The review and related blogs correctly point out that we should focus on AI applications, that is automation. My addition is that these applications can not always be easily bought in for many domains. In such cases they should be built in-house and the builders ought to be Agile Big Data Engineers and Data Scientists that understand the importance of weekly or fortnightly iteration. The title of Data Scientist is not dead, but keeping Data Science alive will mean shifting the focus of the Data Scientist away from hacking, ad hoc analysis and prototyping and on to high quality code, automation, applications and Agile methodologies. Let's remember the technology industry has a habit of finding ways to automate the job of those that lack the imagination to transition to automators, i.e. those that cannot be scaled.

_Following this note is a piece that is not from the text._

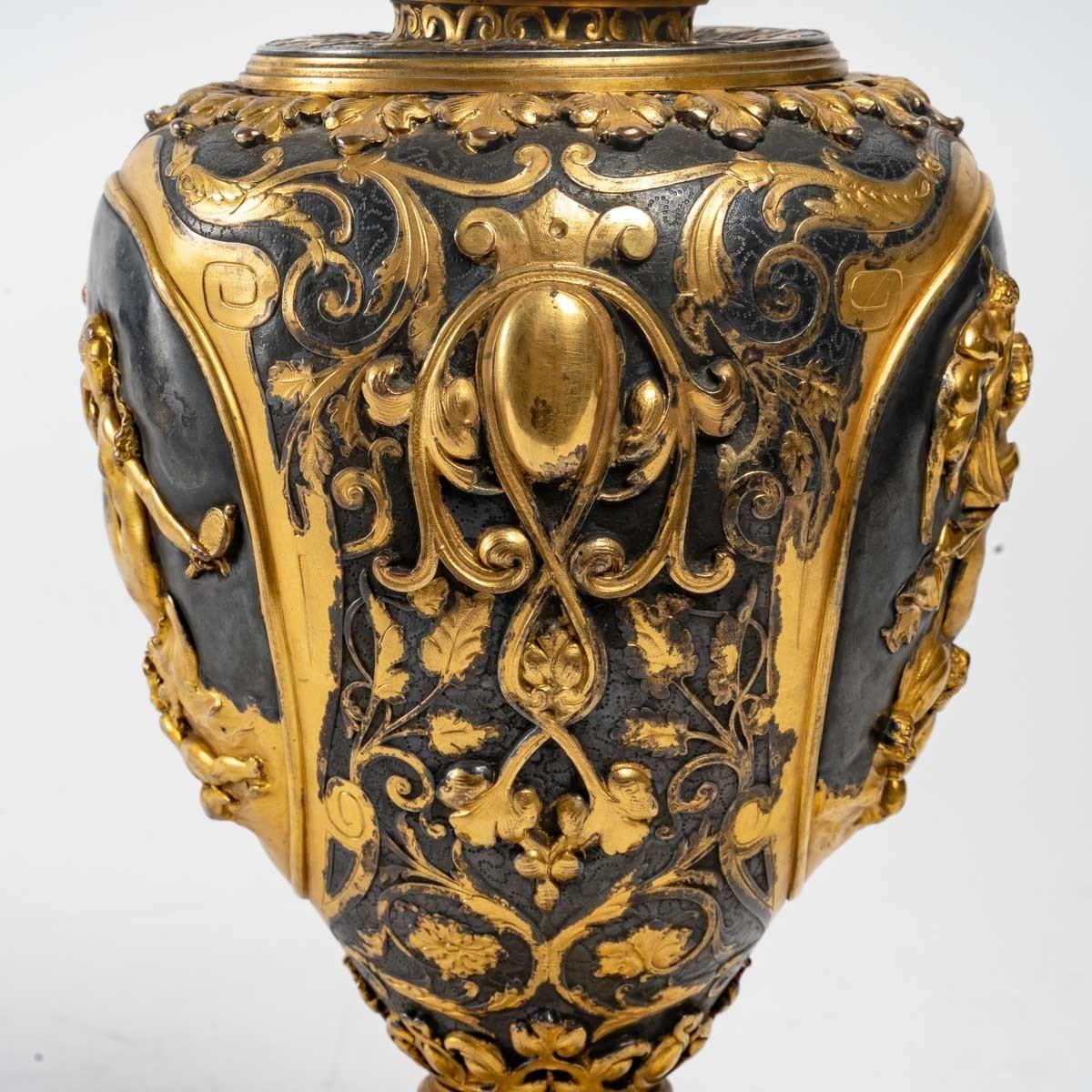 Ewer with Its Patinated and Gilded Brass Basin, 19th Century For Sale 1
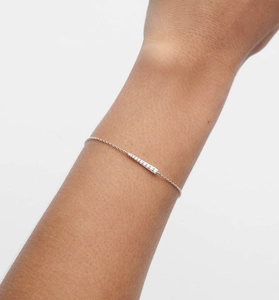 Vue détaillée du bracelet minimaliste en argent 925 avec barre sertie de diamants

Why Agile methodologies are so lacking in Data Science and Big Data is confusing. Perhaps it's the age of the industry? To be frank I believe a smidgen of elitism aims to distinguish the industries from regular software development as though the practices and principles are beneath the concerns of mighty data minds. One other issue seems to be a big misconception that "exploratory" work precludes frequent iteration over automated end to end applications, that is Data Scientists claims they need to "explore" for a month or two before they can deliver. This I see as ironic since the tension between exploratory work and continuous delivery is exactly what Agile solves. Finally another recurring misconception is that the day to day practices of Agile, like tests, automation, clean code and clean structure are "time consuming" and will slow down "exploratory" work. This is also ironic since again Agile aims to make exploratory work faster and less laborious. Hopefully the details of my posts will flesh out why these objections are misconceptions.
Automatic tests are absolutely critical in correctly practicing Agile, and from TDD evolved more acronyms and terms than many Data Scientists have written tests; TDD, BDD, DDD, ATDD, SDD, EDD, CDD, unit tests, integrations tests, black box tests, end-to-end tests, systems tests, acceptance tests, property based tests, example based tests, functional tests, contract based tests, etc. At a glance things like interactive work, long running jobs, unclear objectives, peculiar development environments, etc preclude *DD approaches. Nevertheless, if one strips away the unnecessary verbosity of *DD the remaining core can easily accommodate such problems.
Sometimes Data Science can feel like academia except much better paid. So until the bubble bursts, which still doesn't seem to be any time soon, should we just have as much fun as possible?